He and his wife, an accomplished photographer, edited in London The Photogram (1894–1905), continued from 1906 as The Photographic Monthly; The Process Photogram (1895–1905), continued from 1906 as The Process Engravers' Monthly; also Photograms of the Year (from 1896) and The Photographic Annual (from 1908).

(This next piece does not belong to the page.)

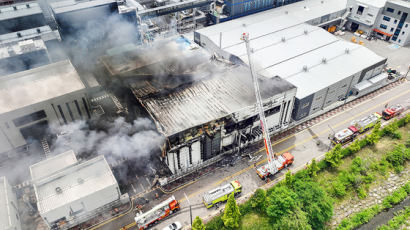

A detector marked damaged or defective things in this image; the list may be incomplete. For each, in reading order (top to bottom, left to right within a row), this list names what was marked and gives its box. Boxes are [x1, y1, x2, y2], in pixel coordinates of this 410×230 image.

He also compiled many technical handbooks, of which the chief were Practical Radiography, the first handbook in English on X-rays, then known as Röntgen rays (with A. W. Isenthal, 1896; new editions in 1897, 1898, and 1901); The Figures, Facts, and Formulæ of Photography (3 editions, 1903); Photography for the Press (1905; 3rd edition 1909); and Finishing the Negative (1907). For the photographic firm of Dawbarn & Ward (in existence from 1894 to 1911), of which he was a joint director, he edited the Useful Arts Series (1899), the Home Workers' Series, and Rural Handbooks (1902).

===Literature===
Literature and topography also attracted Ward, and he and his wife wrote and copiously illustrated with photographs taken by themselves: Shakespeare's Town and Times (quarto, 1896; 3rd enlarged edit. 1908); The Shakespearean Guide to Stratford-on-Avon (1897); The Real Dickens Land (quarto, 1903); and The Canterbury Pilgrimages (1904). Ward also edited, with notes and introduction, an edition, elaborately illustrated by his wife, of R. D. Blackmore's Lorna Doone in 1908.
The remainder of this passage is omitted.